Early planting has its benefits, but be sure to weigh your options before heading to the field.
The so-called polar vortex gripping much of the country right now has many farmers dreaming of spring and planting season. That’s true for veteran corn grower, Bob Kochendorfer. "Earlier and earlier every year it seems" is how Kochendorfer describes the start of planting season for corn on his south central Michigan farm near Jonesville.
He says advancements in seed technology, equipment and agronomic know-how have moved the starting date for corn planting in his area from the end of May, just a generation ago, to late April today.
Kochendorfer, other farmers, and agronomists cite a number of benefits associated with early planting. For one, the crop is often able to flower before mid-summer heat and dry soils can take their toll on pollination. Early planting can also help minimize the impact of some insects, lengthen corn growth and development time, and give the crop more time to dry down in the field prior to harvest.
The latter is one of Kochendorfer’s favorite early planting benefits. "A lot of times I can avoid paying so much out-of-pocket for drying costs, once corn is in the bin," he notes.
Even so, the veteran corn grower is unwilling to pull his planter into the field just because the calendar registers a specific date. Instead, he uses a variety of factors to determine the planting start date, a decision he says that almost always pays off at harvest.
Part Science, Part Art
Having an adequate soil temperature is Kochendorfer’s first and primary consideration. He says experience over the years has shown him that soil temperature can support or stall corn emergence and growth.
"I typically start planting when soil temperatures reach between 50 and 52 degrees Fahrenheit," he notes. "I also consider the weather outlook for the following week or so.

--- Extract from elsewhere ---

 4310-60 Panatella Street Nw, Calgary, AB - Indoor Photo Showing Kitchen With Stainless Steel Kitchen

I want to know, if at all possible, that it won’t rain or turn cold during that timeframe."
Imad Saab, DuPont Pioneer seed researcher, agrees with Kochendorfer’s strategy.

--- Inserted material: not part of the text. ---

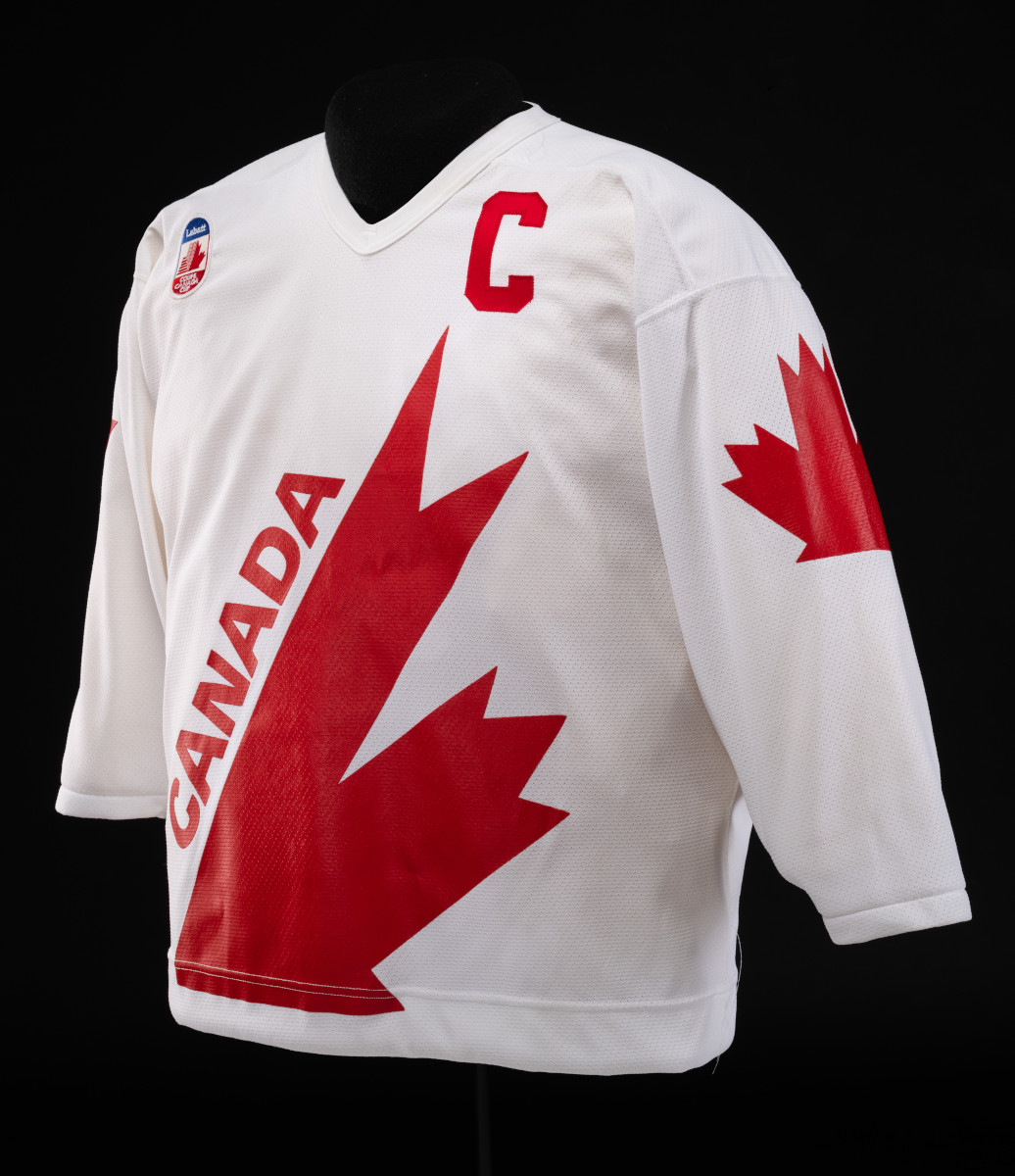 Un maillot de hockey blanc sur lequel figurent une grande feuille d’érable rouge en diagonale et le mot « CANADA » sur le devant, un grand « C » sur la partie avant de l’épaule gauche et une feuille d’érable plus petite sur la manche.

"Early planting carries an increased risk of stand loss due to the potential for damaging frosts and cold snaps in early spring, which can then require replanting," he explains.
Saab also cautions farmers who are planting into fields with low organic matter. "With lighter soils planted early, be aware of the potential for large temperature swings that can affect emergence, especially if nighttime temperatures dip into the 40’s," he adds.